• [What the task asks]
Range to copy from the entries below: the line containing "Vasandkumar Kunasekaran Image" through the line containing "Samsung Galaxy Swatch 7 Bluetooth - 2", inclusive. Retype only those lines, exactly, without any images.

• [Data for this exercise]

/---

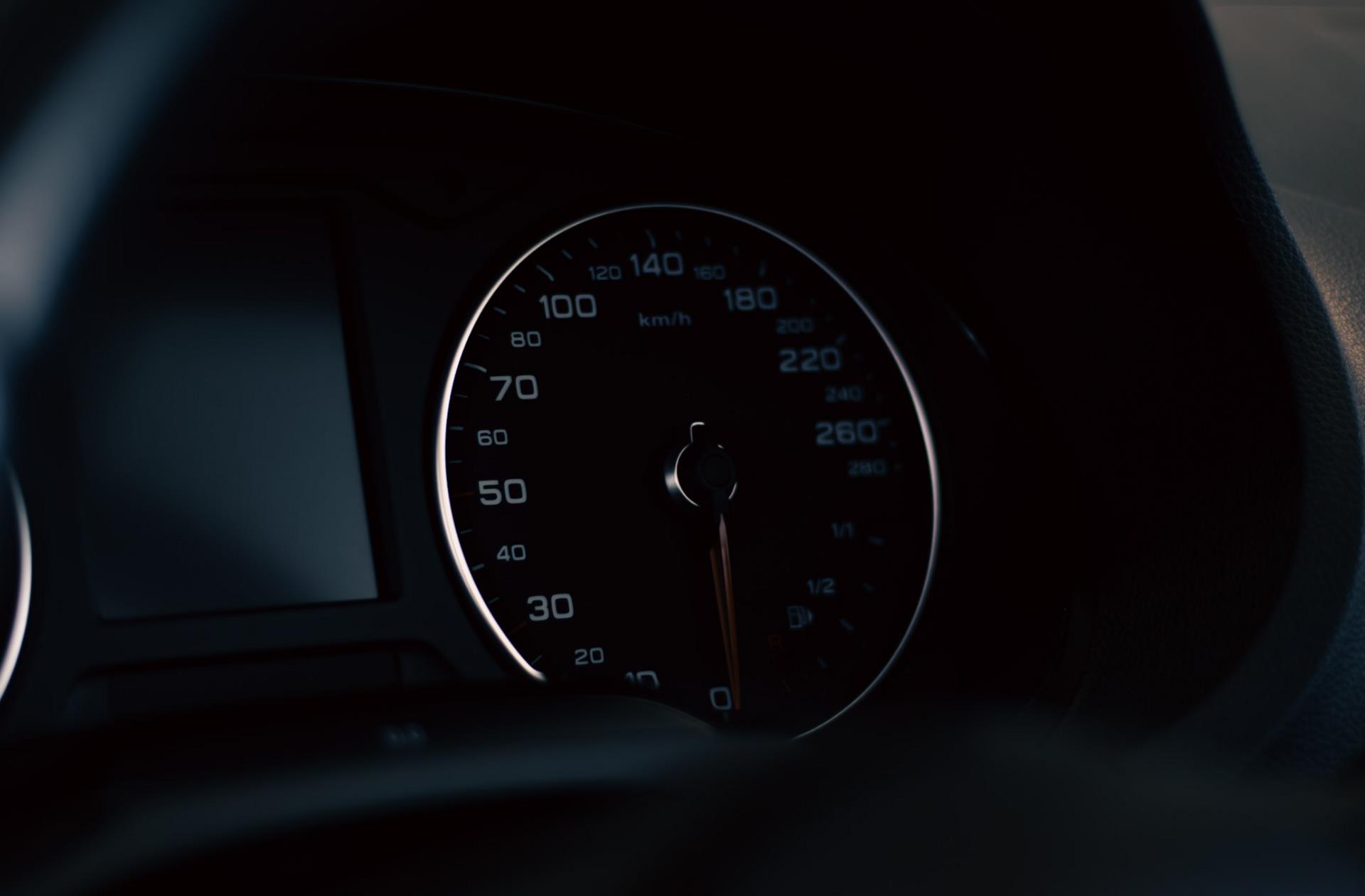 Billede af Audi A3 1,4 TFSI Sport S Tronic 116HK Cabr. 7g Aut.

\---
/---

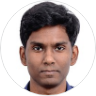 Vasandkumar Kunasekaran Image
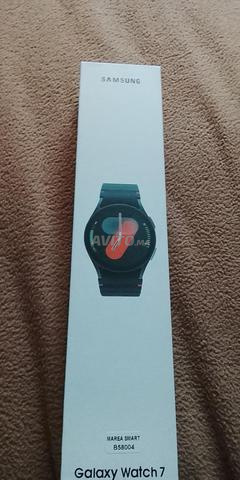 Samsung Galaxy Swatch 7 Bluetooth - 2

\---

• [Written response]
 Vasandkumar Kunasekaran Image
 Samsung Galaxy Swatch 7 Bluetooth - 2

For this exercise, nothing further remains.